SAINTE WILGEFORTE
La légende barbue
Il était une sainte à barbe qu’on fêtait jadis le 20 juillet.
Martyre crucifiée – la crucifixion étant un supplice traditionnellement réservé aux hommes – la légende de la vierge Wilgeforte est aujourd’hui tombée dans l’oubli. Depuis son retrait du calendrier liturgique, seule une minorité de fidèles – des fidèles pas forcément très catholiques aux yeux de l’Église – encense encore l’icône barbue. J’en fais partie et lui consacre un chapitre entier de Beau Menteur.

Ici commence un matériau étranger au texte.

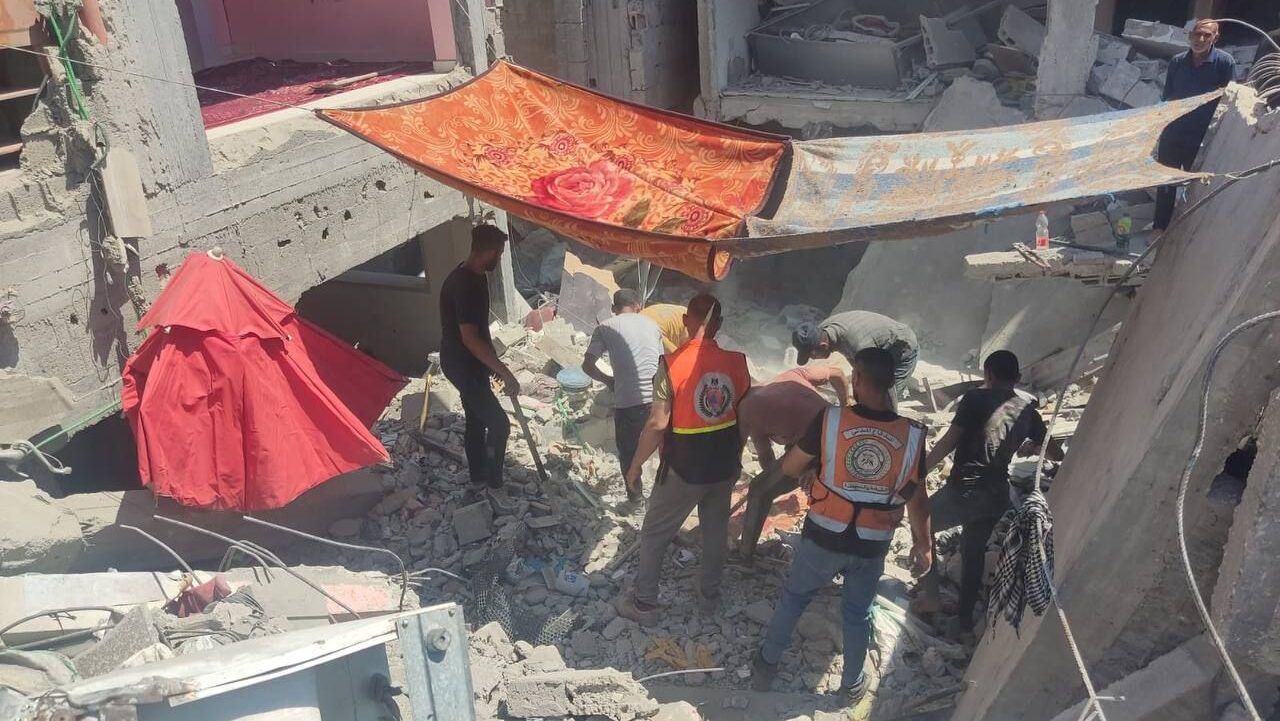 انتشال عدد من الشهداء من تحت أنقاض منازل استهدفها الاحتلال بمدينة غزة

La barbe n’est pas la masculinité. Elle n’en est que l’emblème.*
Ce n’est pas le caractère religieux mais le rôle des apparences qui m’importe dans cette légende de sainte Wilgeforte. Châtiée pour avoir eu une barbe – octroyée par Dieu dans le but de dissuader les assauts sexuels, exauçant ainsi son vœu de chasteté – la légende de cette sainte donne à réfléchir sur ce qu’est le genre, en fonction d’un lieu et d’une époque donnée.
La représentation du Christ à l’orientale, qui portait une tunique – interprétée par les occidentaux comme étant une robe, donc typiquement féminin – a fait que les fidèles se sont dit : tiens, voilà une femme à barbe crucifiée. Pourtant, il s’agissait bien du Christ ! Mais ils ont tellement vu la robe qu’ils en ont oublié de voir le Christ sous la robe. Comme d’autres, lorsqu’elle elle porte une barbe, voient tellement la barbe qu’ils en oublient de voir la femme derrière la barbe. Sa crucifixion marque le poids des apparences dans sa légende : barbe et robe y jouent en effet des rôles symétriques jusqu’à mettre en abyme les questions de genre. Comme un fil rouge en regard – et sous le regard – du personnage de Beau Menteur.
* Formule du sociologue Éric Fassin, spécialiste des questions de genre et de sexualités.